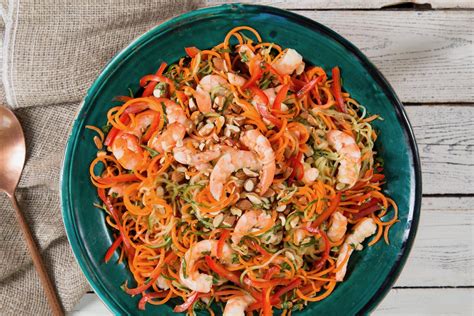 Thai Cucumber And Carrot Noodle Bowls With Shrimp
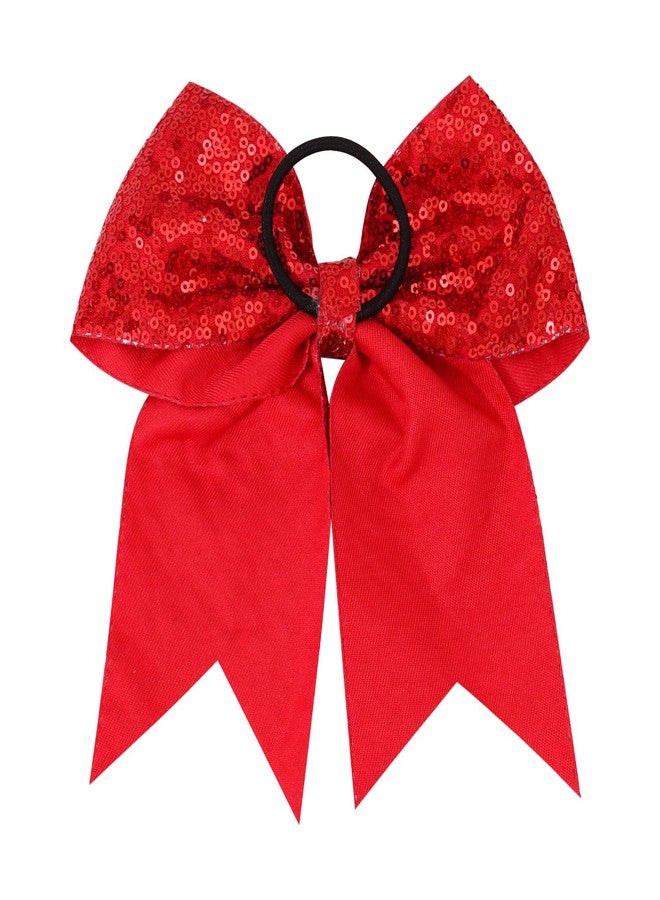 Jeffan 12 Pieces 8 Inch Red Cheer Bows Glitter Jumbo Cheerleading Bow with Elastic Ponytail Holder Bow Hair Tie Band Hair Accessories for School Girls Toddlers - Image 3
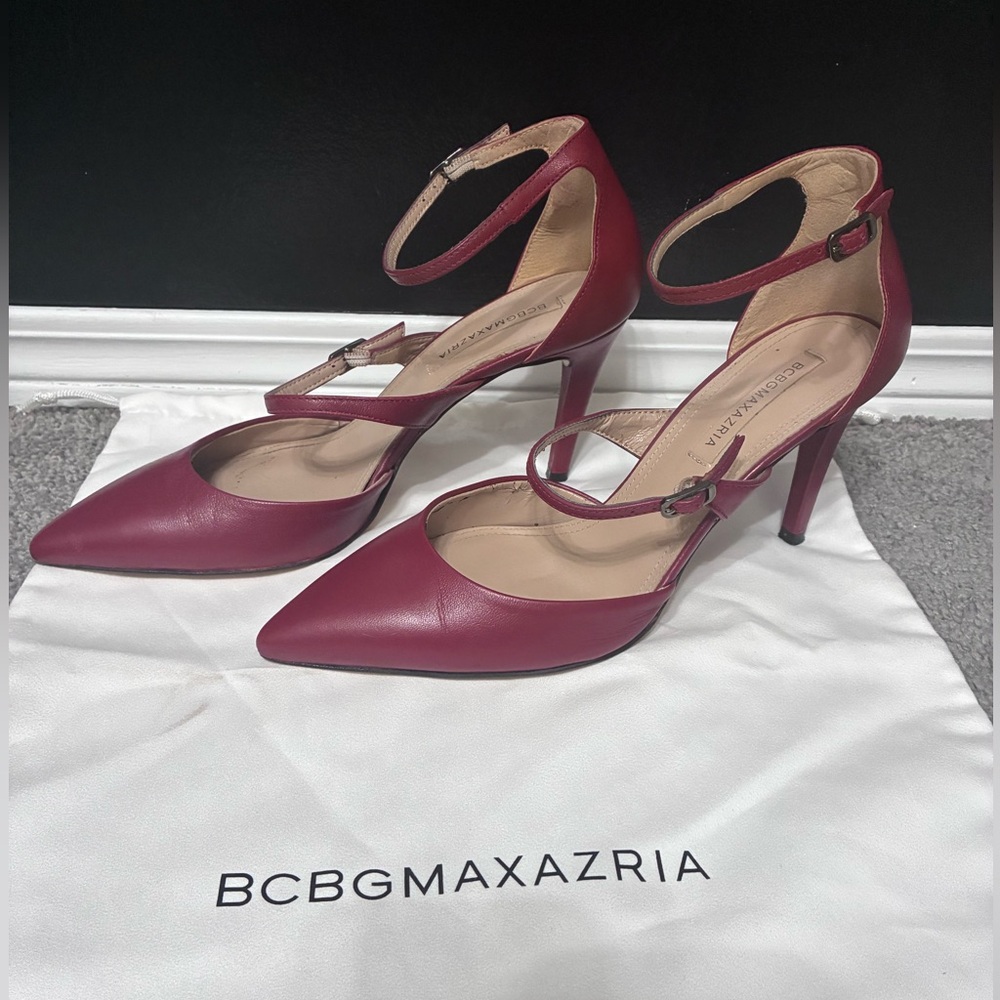 BCBG Max Azria red leather pumps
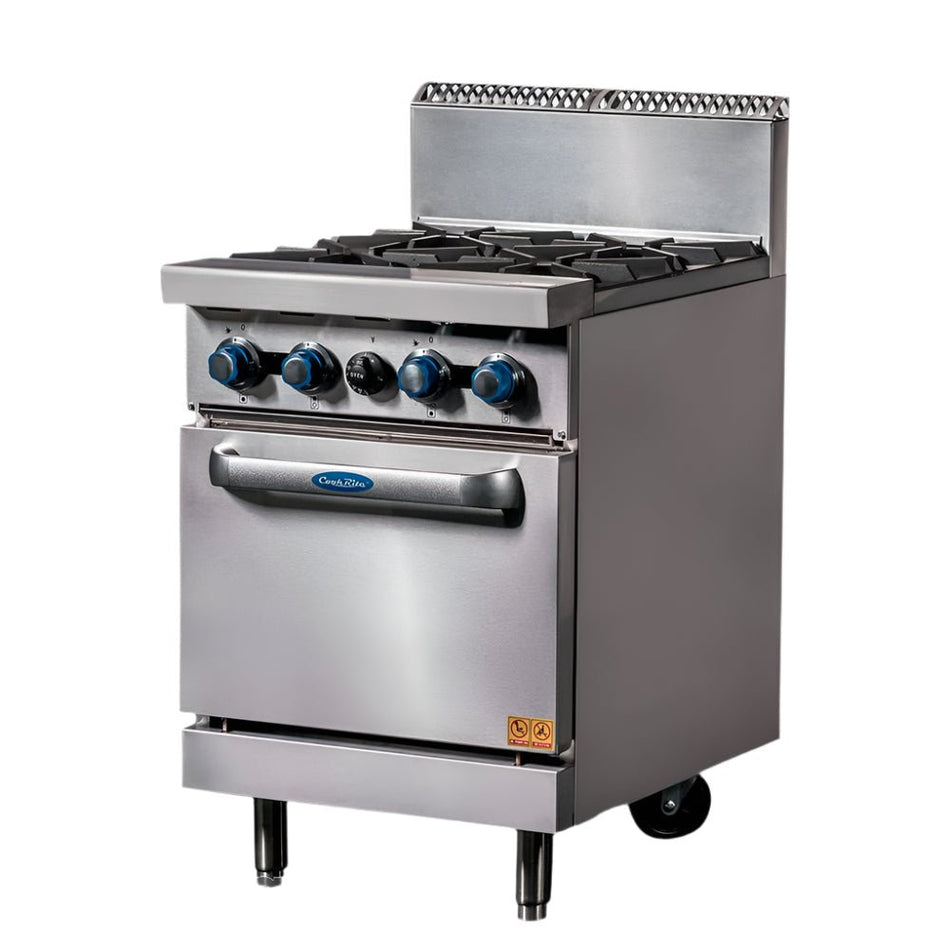 CookRite Freestanding Gas Stove 4 Burners Cooktop With Oven AT80G4B - O - Commercial Kitchen Appliances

....

> TASK GOAL
A faithful copy is needed: reproduce all of the data above, leaving the pictures out.

> ANSWER TO THIS PROBLEM
 Thai Cucumber And Carrot Noodle Bowls With Shrimp
 Jeffan 12 Pieces 8 Inch Red Cheer Bows Glitter Jumbo Cheerleading Bow with Elastic Ponytail Holder Bow Hair Tie Band Hair Accessories for School Girls Toddlers - Image 3
 BCBG Max Azria red leather pumps
 CookRite Freestanding Gas Stove 4 Burners Cooktop With Oven AT80G4B - O - Commercial Kitchen Appliances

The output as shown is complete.